The Anatomy of a Sandbox Escape

Discovered by Google's elite Threat Analysis Group (TAG) in June, the vulnerability stems from improper validation of untrusted input during GPU command processing. Attackers craft malicious HTML pages that trigger the flaw, enabling arbitrary code execution within the browser's GPU process. Crucially, this breach could allow escape from Chrome’s stringent sandbox—a security barrier isolating browser processes from the host operating system.

"Processing maliciously crafted web content may lead to an unexpected Safari crash. This is a vulnerability in open source code and Apple Software is among the affected projects," Apple stated in its advisory.

State-Sponsored Threat Landscape

While Google hasn't disclosed attack specifics, TAG specializes in countering government-backed operations. Historically, such actors exploit zero-days to implant spyware on devices of high-risk targets: journalists, dissidents, and political activists. The July 15 Chrome patch marked this as "actively exploited," signaling real-world weaponization before fixes were available.
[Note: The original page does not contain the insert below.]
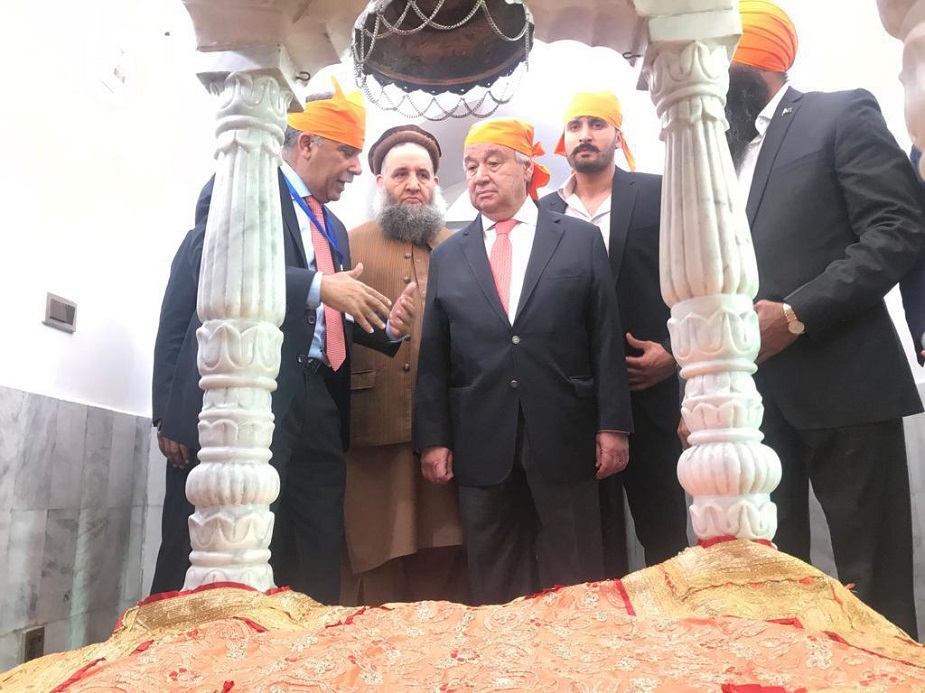 Guterres being presented a briefing by the officials on the Kartarpur corridor. PHOTO: EXPRESS.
Patch Deployment Across Apple’s Ecosystem

Apple’s emergency updates cover:
- iOS/iPadOS 18.6 (iPhone XS+, modern iPads)
- macOS Sequoia 15.6
- Legacy iPadOS 17.7.9 (older iPad Pro models)
- tvOS 18.6
- visionOS 2.6
- watchOS 11.6 (Apple Watch Series 6+)

The U.S. Cybersecurity and Infrastructure Security Agency (CISA) swiftly added CVE-2025-6558 to its Known Exploited Vulnerabilities Catalog, mandating federal agencies to patch by August 12.

A Pattern of Persistent Threats

This marks Apple’s sixth zero-day patch in 2025, following five others patched between January and April. The frequency underscores escalating attacks against foundational browser components. ANGLE’s cross-platform nature—used in Chrome, Edge, and WebKit—makes it a high-value target for supply-chain threats.

Security teams should prioritize immediate updates: the flaw’s sandbox-escape capability and CISA’s advisory signal exceptional risk. As browser graphics layers grow more complex, expect offensive research to increasingly focus on these opaque, high-privilege components.